• **DIRECTIONS**: In the records below, find the line containing "Certified 2024 Ford"; copy exactly that line and all lines after it to the end, and nothing else.

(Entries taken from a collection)
┄┄┄┄┄┄┄┄┄┄
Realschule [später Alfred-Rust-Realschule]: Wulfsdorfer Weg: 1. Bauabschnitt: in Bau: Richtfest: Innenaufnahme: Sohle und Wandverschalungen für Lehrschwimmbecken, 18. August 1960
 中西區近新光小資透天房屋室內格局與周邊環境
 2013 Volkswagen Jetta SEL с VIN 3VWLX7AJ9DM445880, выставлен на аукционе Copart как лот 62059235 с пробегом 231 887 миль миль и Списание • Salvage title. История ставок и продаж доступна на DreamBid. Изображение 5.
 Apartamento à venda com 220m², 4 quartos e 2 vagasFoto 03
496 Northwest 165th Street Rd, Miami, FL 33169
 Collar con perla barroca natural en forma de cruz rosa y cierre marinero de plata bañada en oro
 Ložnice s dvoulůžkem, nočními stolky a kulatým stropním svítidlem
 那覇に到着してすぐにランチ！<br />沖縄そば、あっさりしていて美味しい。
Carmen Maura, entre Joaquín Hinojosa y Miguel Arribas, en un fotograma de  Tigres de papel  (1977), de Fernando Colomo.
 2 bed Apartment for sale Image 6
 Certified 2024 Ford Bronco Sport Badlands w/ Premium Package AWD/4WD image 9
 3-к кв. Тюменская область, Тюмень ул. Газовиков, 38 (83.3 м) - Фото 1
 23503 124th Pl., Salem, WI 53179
┄┄┄┄┄┄┄┄┄┄
• **EXERCISE SOLUTION**:
 Certified 2024 Ford Bronco Sport Badlands w/ Premium Package AWD/4WD image 9
 3-к кв. Тюменская область, Тюмень ул. Газовиков, 38 (83.3 м) - Фото 1
 23503 124th Pl., Salem, WI 53179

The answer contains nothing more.